Mike Carney Toyota Park
- Interactive map of Mike Carney Toyota Park
- Former names: Hugh Street Rugby Grounds
- Location: 165 Hugh St, Currajong, Townsville, Queensland
- Coordinates: 19°16′25″S 146°46′59″E﻿ / ﻿19.273675°S 146.783110°E
- Owner: Townsville and Districts Rugby Union
- Capacity: 5,000 total (2,000 seated)
- Surface: Grass

Construction
- Opened: 1979

Tenant
- Queensland Country (2014, 2018)

= Hugh Street Rugby Grounds =

Sports ground in Queensland, Australia

Hugh Street Rugby Grounds, known also as Mike Carney Toyota Park is a sports venue located in the suburb of Currajong in Townsville, Queensland, Australia.
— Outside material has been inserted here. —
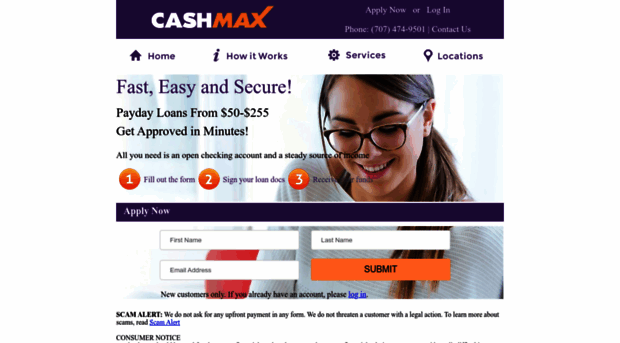 cashmaxloans.com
The venue is owned by the Townsville and Districts Rugby Union (TDRU) and was officially opened on 11 March 1979.

The main ground has lighting and a grandstand with a seating capacity of approximately 2,000. As well being used for local rugby union matches, it is also one of the home grounds for the Queensland Country team that plays in the National Rugby Championship.

A redevelopment of the site was proposed in 2014 with the possibility of the TDRU moving to a new venue.